La responsable compare l’opération à « faire la photocopie d’un livre ». Des enzymes permettent de générer à partir d’une seule molécule d’ADN jusqu’à 500 « copies » – des molécules d’ARNm chargées de transmettre l’information nécessaire.
Ces instructions génétiques pénètrent directement les cellules humaines, qu’elles programment pour qu’elles fabriquent un antigène du coronavirus… afin de déclencher une réponse du système immunitaire.
Il faut compter un à deux jours pour la fabrication de l’ARNm et cinq à six jours au total pour une charge de vaccin, qui sera ensuite transportée dans d’autres usines pour la mise en flacons, réalisée sur d’autres sites.
Car après la réaction pour produire l’ARN, la « charge » de 35 litres de liquide obtenu du bioréacteur doit être purifiée: les enzymes ainsi que l’ADN ayant servi à la fabrication sont retirés, avant une ultime filtration pour exclure tout résidu.
Troisième et dernière étape clé réalisée à Marbourg, l’ARNm est enveloppé de lipides, pour empêcher sa dégradation et lui permettre d’atteindre les cellules visées.
Le plus long de toute la chaîne: plusieurs tests pour s’assurer de la qualité du vaccin, efficace à près de 95% contre le Covid-19, selon les études cliniques.
– Prix Nobel –
De premières doses fabriquées par les 400 employés de Marbourg ont été livrées en France mardi en vrac à Delpharm, sous-traitant français chargé de l’étape finale : les mettre dans les flacons qui seront in fine distribués aux vaccinateurs.

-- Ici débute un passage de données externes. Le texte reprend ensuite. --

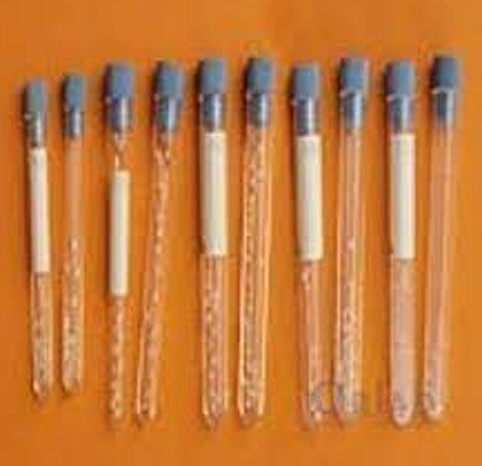 Granüllü P.S Test Tüpleri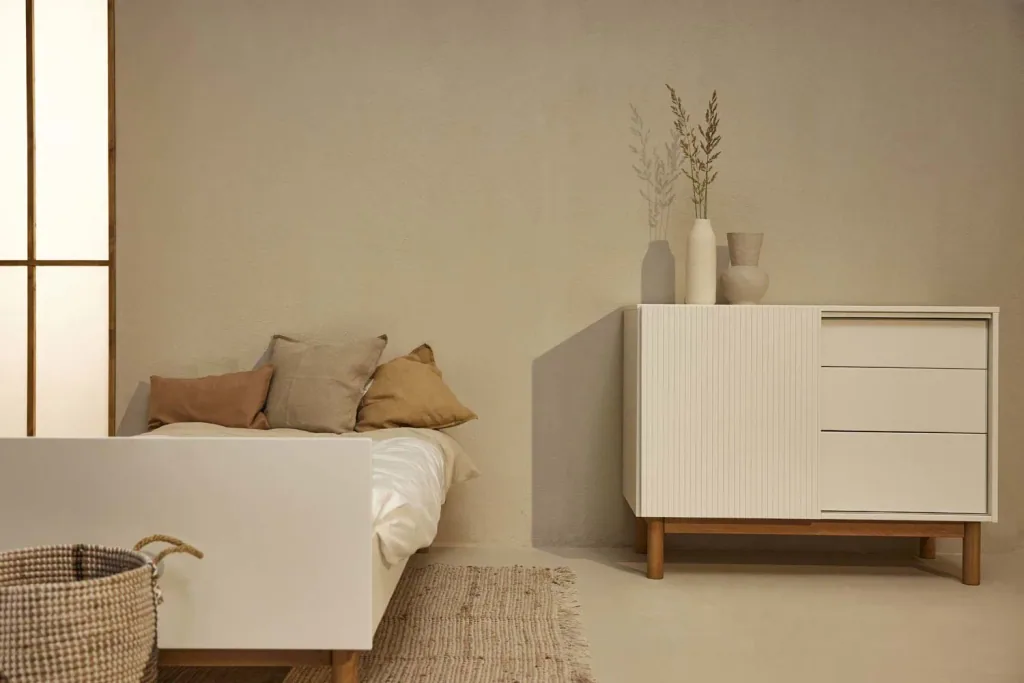 Quax Mood Chest of drawers white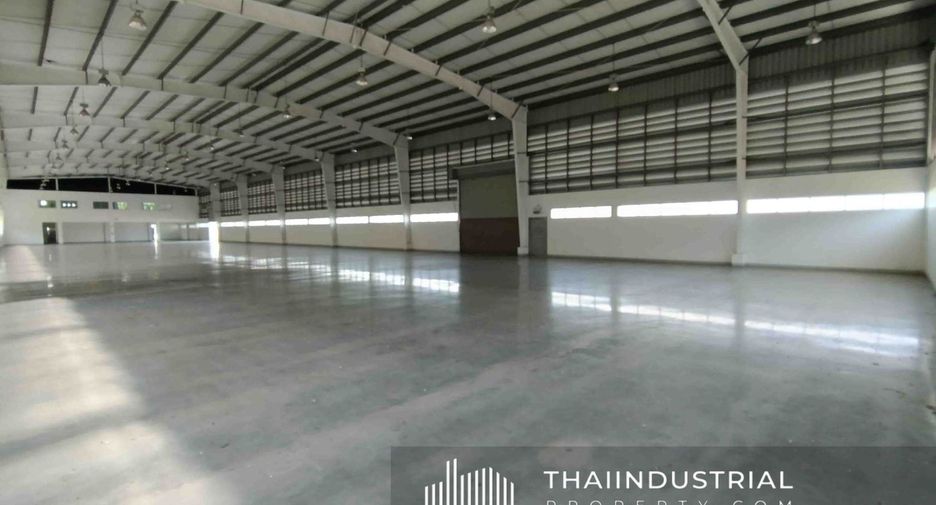 出租 仓库 在 Mueang Chon Buri, Chon Buri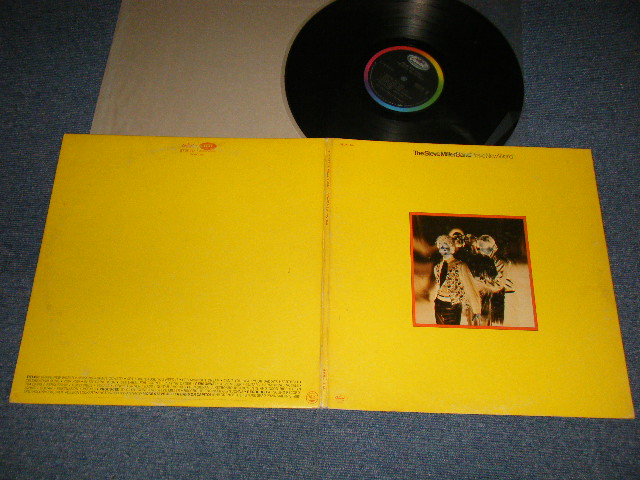 画像1: STEVE MILLER BAND -  BRAND NEW LOVER (Ex+/Ex+) / 1969 US AMERICA ORIGINAL 1st Press "BLACK with RAINBOW Label” Used LP 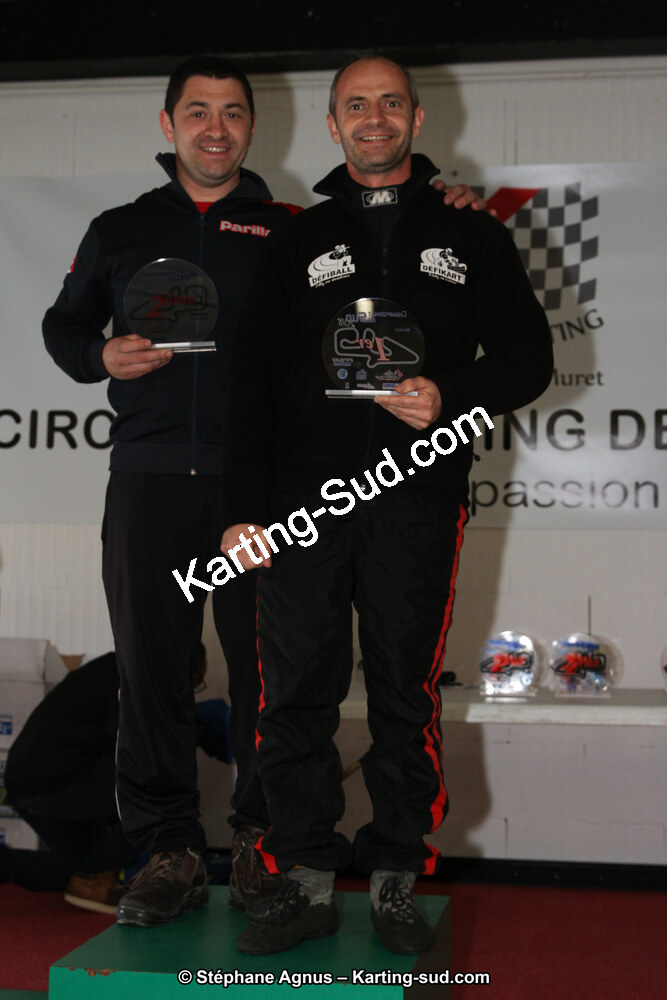 28 & 29/04/2018 : 3ème manche du Championnat du Sud 2018 à Muret (Photos Stéphane Agnus) 2018 — karting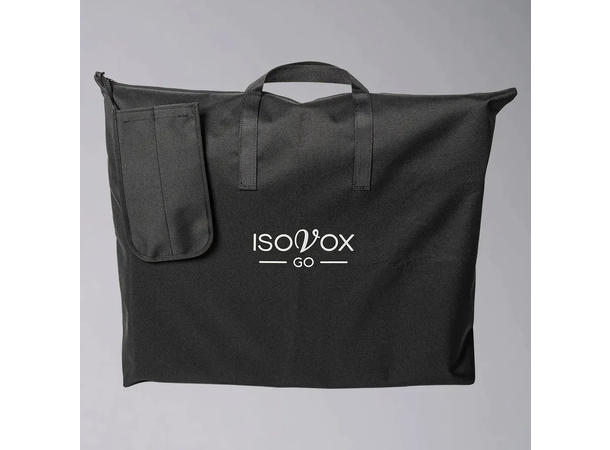 ISOVOX GO Portabel mini speakbox, m/ bag og stativ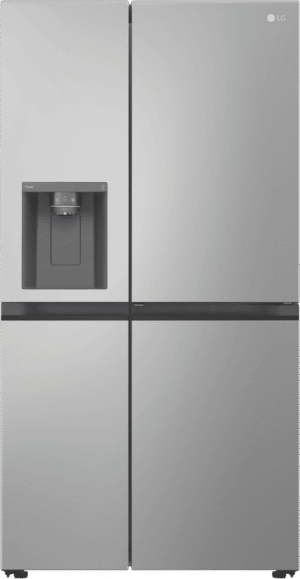 LG 635L Side By Side Refrigerator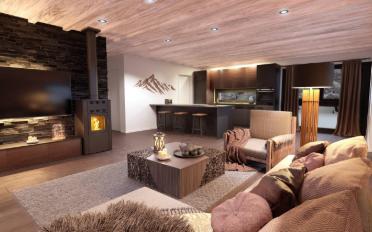 Villa 4.5 Zimmer - image - 2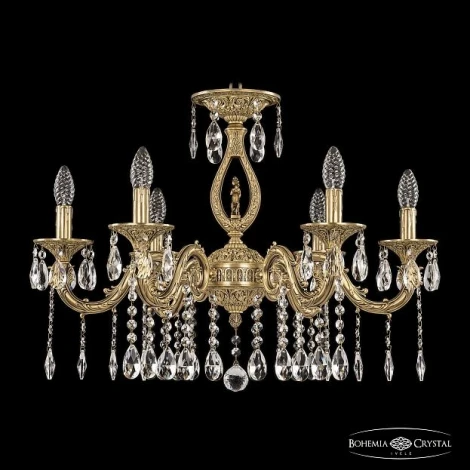 Подвесная люстра Bohemia 1400 71401/6/210 A FP FH1S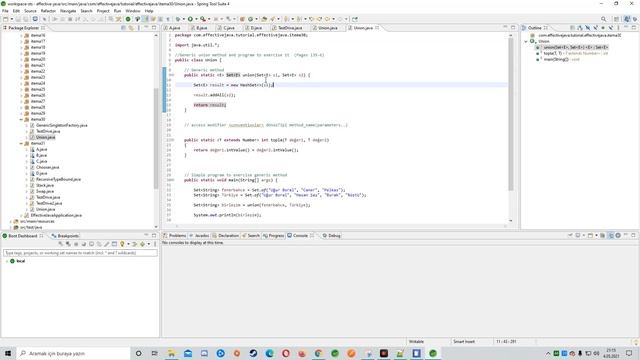 Java Generics WildCards - (Java ile Api Tasarlamak için Bu Konuyu Bilmelisin!) смотреть онлайн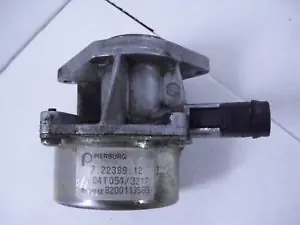 Azonnal elérhető RENAULT THALIA Vákuumpumpa bontott alkatrész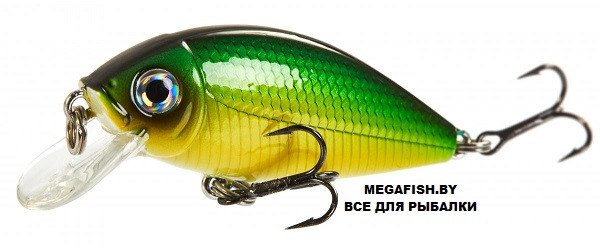 Воблер Lucky John Original Shad Craft 50F (5.8 гр; 5 см; 0.7 м) A037 - фото 1 - id-p223095376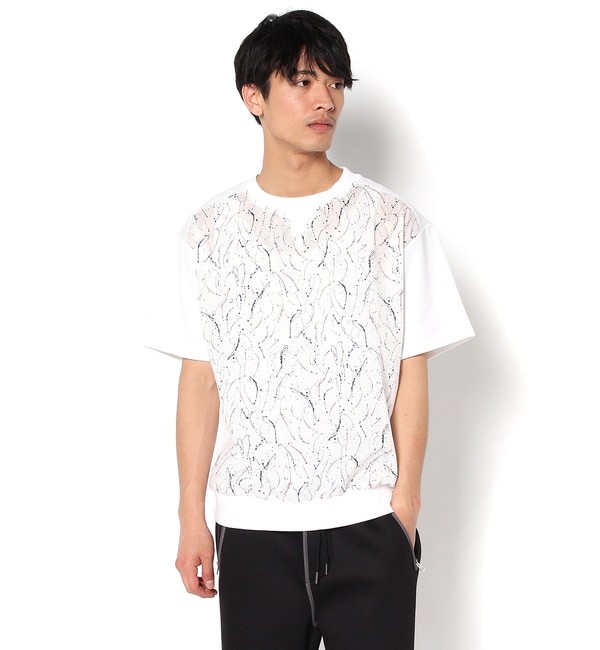 【GIGGER】ペイントTEE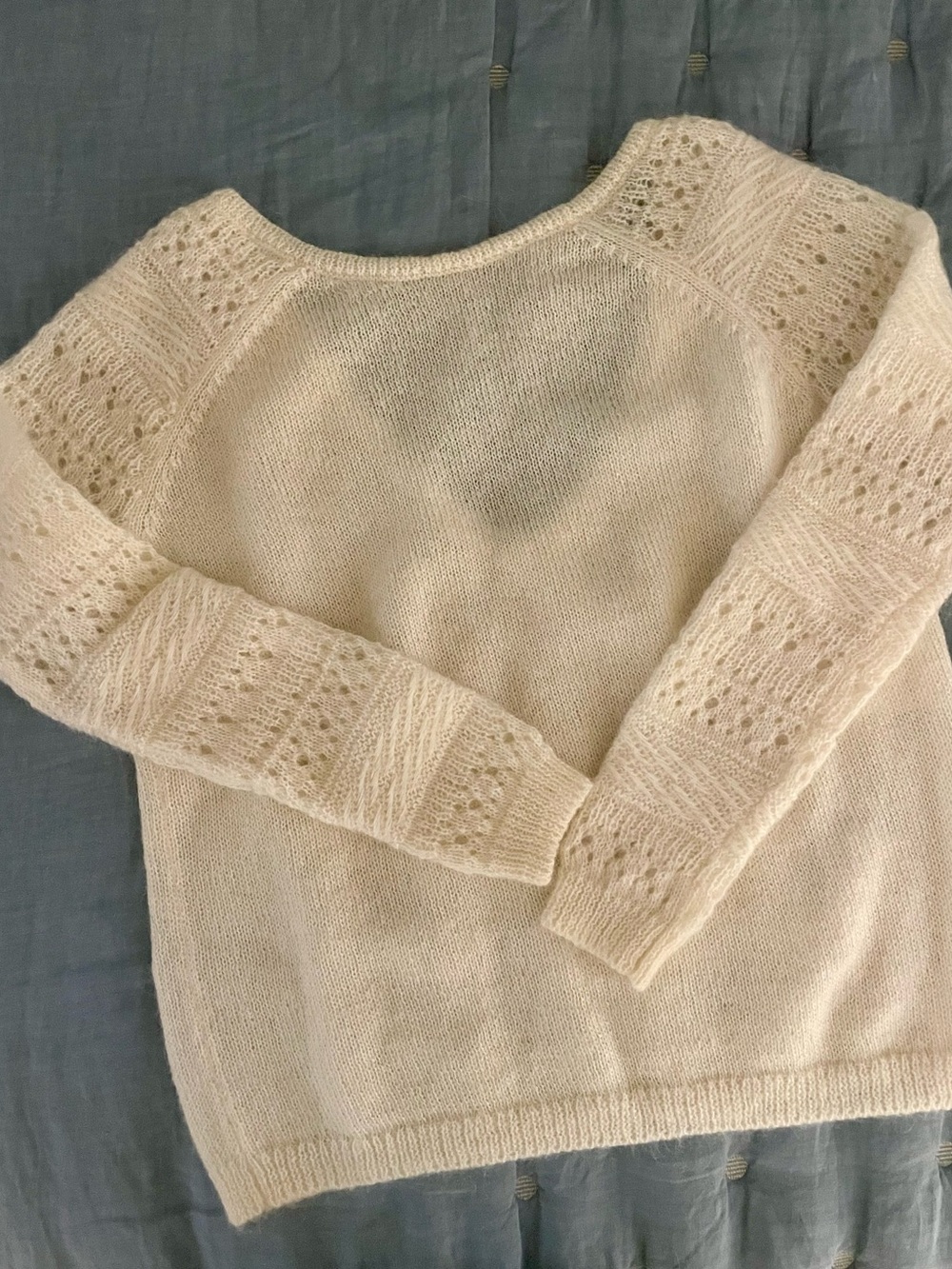 Sezane Marius Sweater View 2
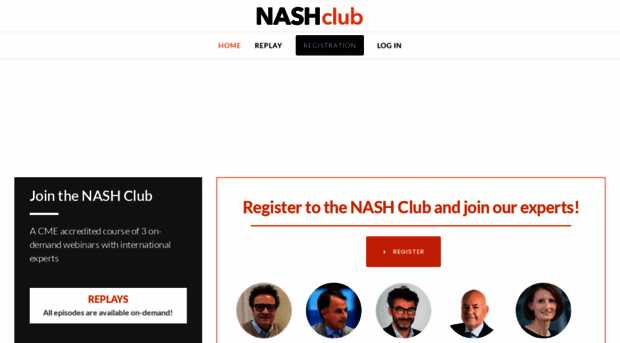 nash-club.com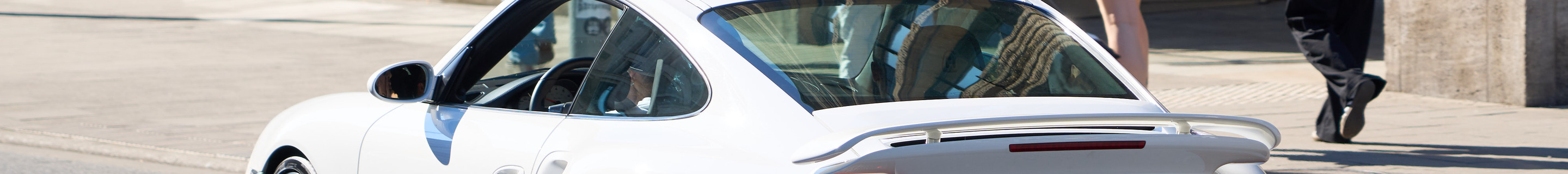 Porsche 997 Turbo MkI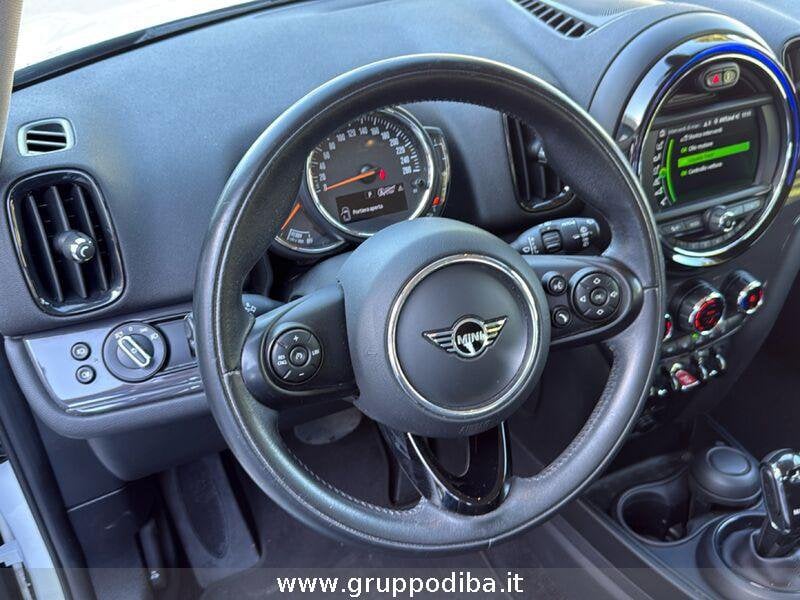 MINI Countryman Mini Countryman 2.0 Cooper D Boost auto my18- Gruppo Diba
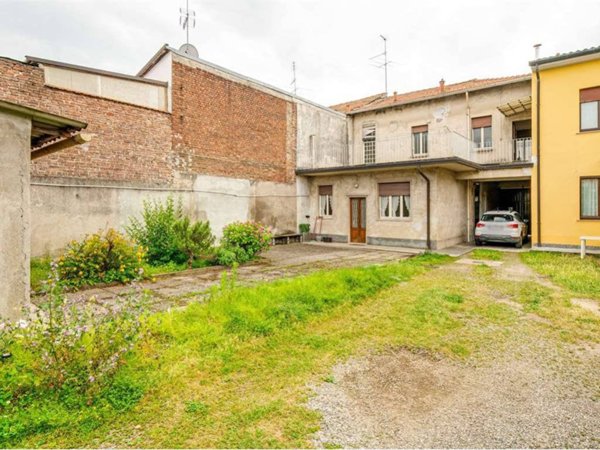 appartamento in vendita a San Giorgio su Legnano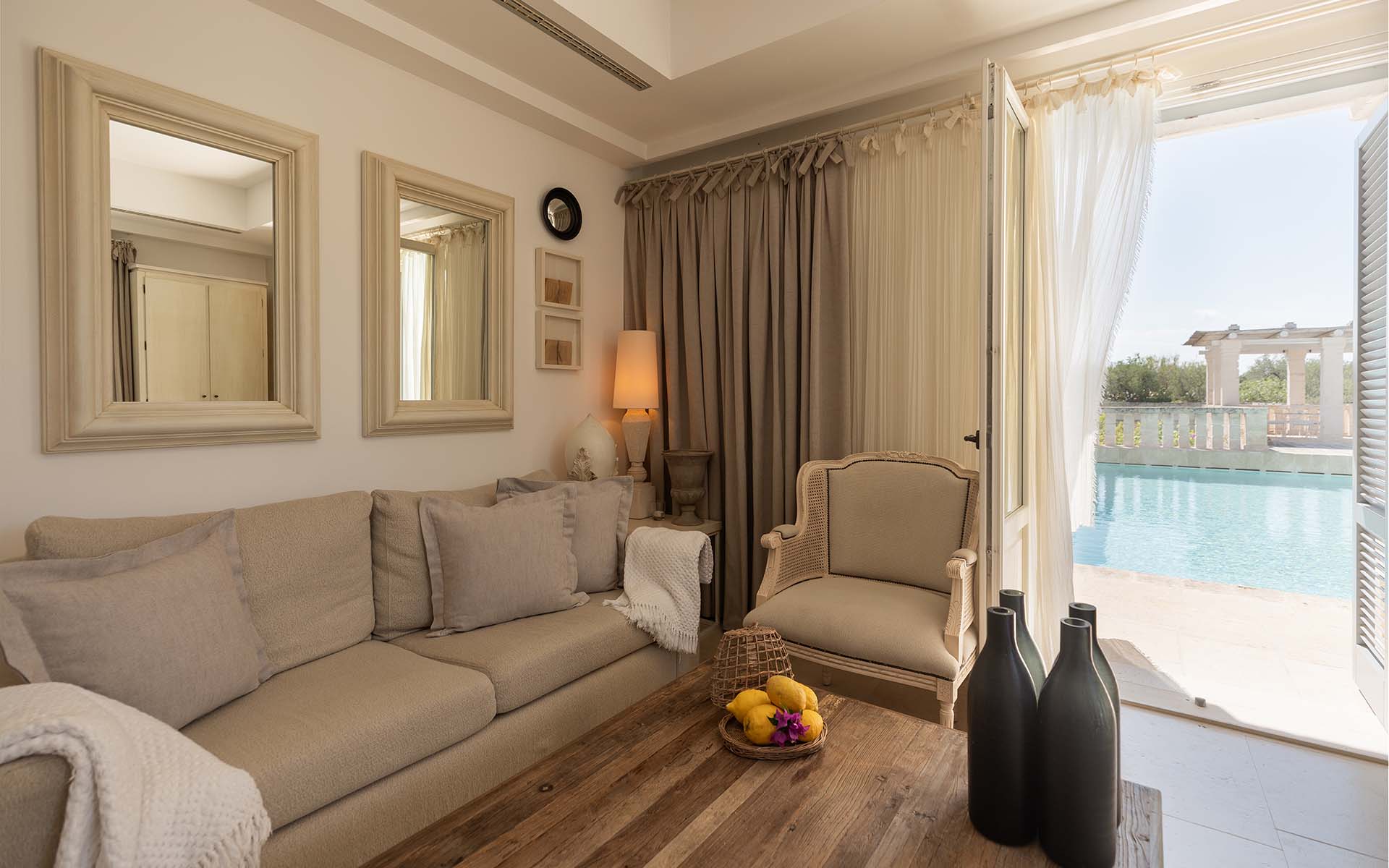 Casa Meravigliosa, Puglia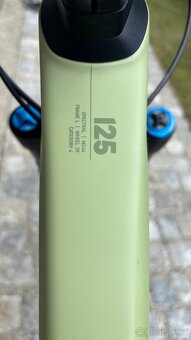 Canyon Spectral 125 CF 8 carbon, vel. L - 10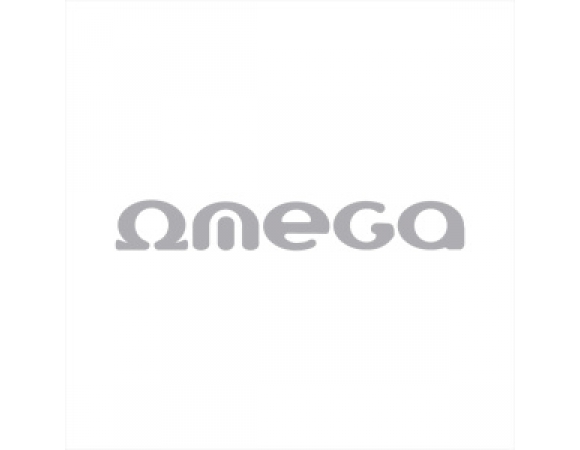 Mouse Omega OM-05B 1000 DPI Black/Black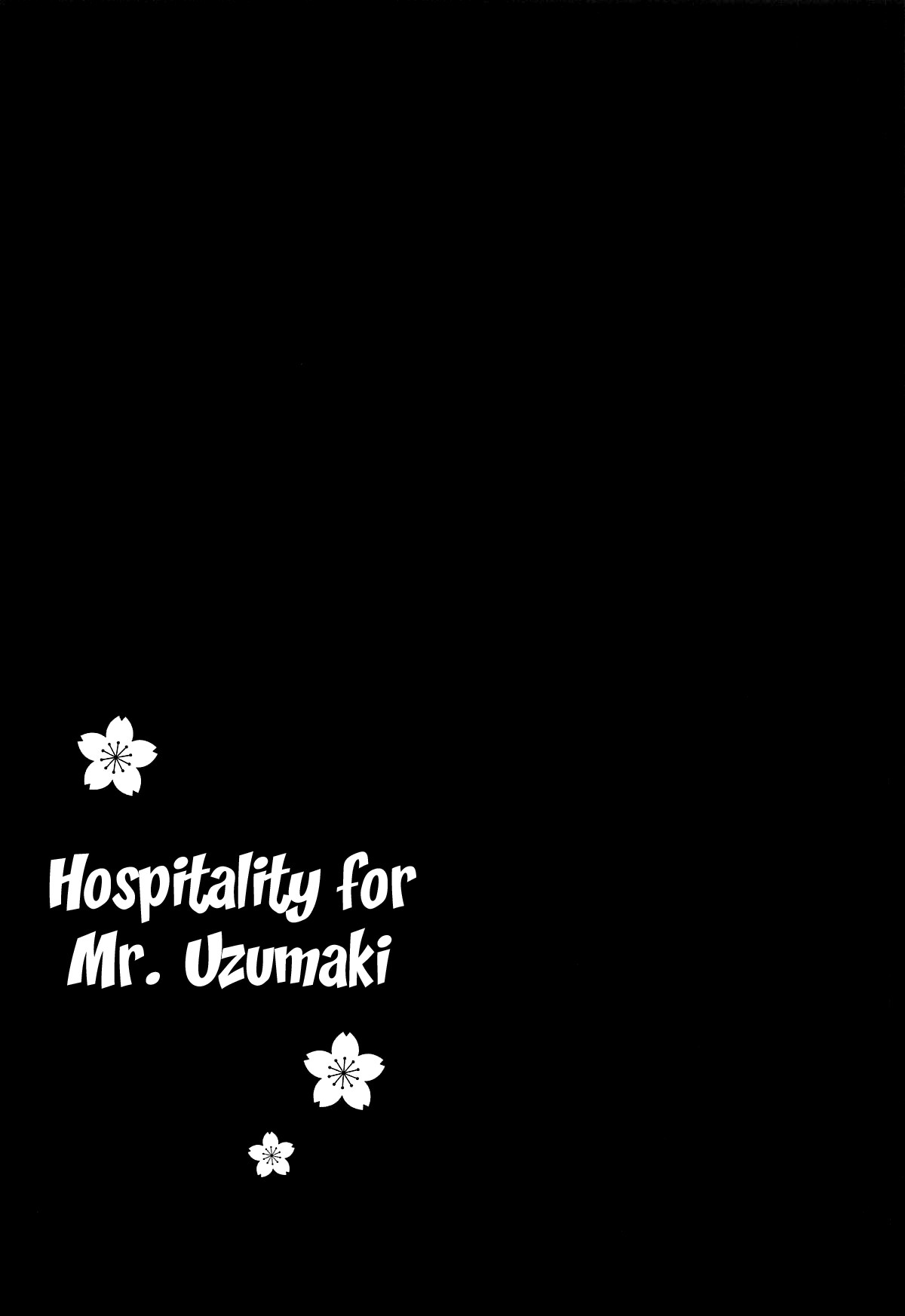 Entertaining Uzumaki-san page 2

BioNTech a annoncé vouloir produire cette année jusqu’à 2,5 milliards de doses du vaccin dans le monde, soit 25% de plus que prévu initialement.
Avec l’entreprise américaine Moderna, l’alliance Pfizer/BioNTech a été la première à mettre sur le marché un vaccin utilisant le procédé pionnier de l’ARN messager.
Pour Marbourg, accueillir l’usine de la start-up allemande s’inscrit dans une longue histoire d’innovation médicale, lancée en 1890 par le premier lauréat du Nobel de médecine, Emil von Behring, qui dans cette ville du Land de Hesse a mis au point le vaccin contre la diphtérie.
C’est même sur le site de l’ancienne entreprise pharmaceutique « Berhingwerke », productrice de vaccins, qu’est aujourd’hui installée l’usine de la start-up fondée par le couple Özlem Türeci et Ugur Sahin. BioNTech a racheté le site l’été dernier au groupe pharmaceutique suisse Novartis.
Le réaménagement de l’usine s’est déroulé dans un délai record : « c’est fantastique ce que nous avons atteint en si peu de temps », constate Mme Schilling.
Mais Marbourg, où se trouve un laboratoire hyper sécurisé pour étudier les maladies graves et contagieuses, a également connu la terreur d’une épidémie: en 1967, elle a été touchée par un agent pathogène de type d’Ebola alors inconnu, et désormais nommé « Virus de Marbourg ». Endémique dans plusieurs pays d’Afrique, aucun vaccin n’a encore été trouvé.